**DATA TO PROCESS**.
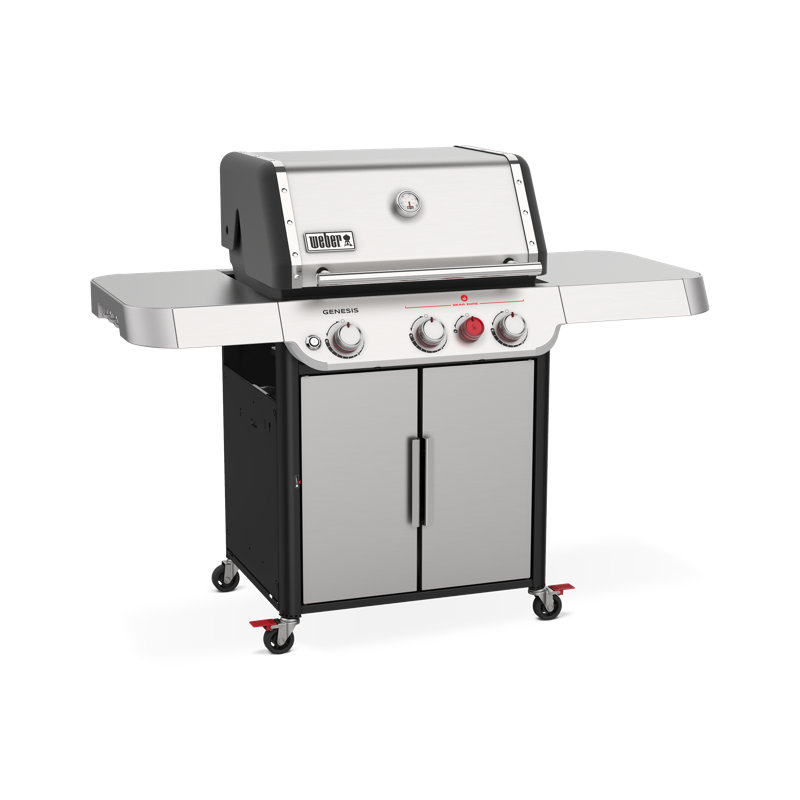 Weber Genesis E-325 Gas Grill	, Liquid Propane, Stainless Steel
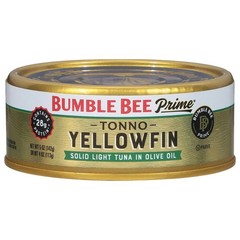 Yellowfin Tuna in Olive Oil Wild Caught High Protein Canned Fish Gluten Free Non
...
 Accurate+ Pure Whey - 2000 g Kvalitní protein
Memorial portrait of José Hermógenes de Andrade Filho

**EXERCISE DETAILS**. In the listing above, find the line with "Weber Genesis E-325" and the line with "Yellowfin Tuna in". Set down both and every line between them, minus the pictures.

**ANSWER SPACE**.
 Weber Genesis E-325 Gas Grill	, Liquid Propane, Stainless Steel
 Yellowfin Tuna in Olive Oil Wild Caught High Protein Canned Fish Gluten Free Non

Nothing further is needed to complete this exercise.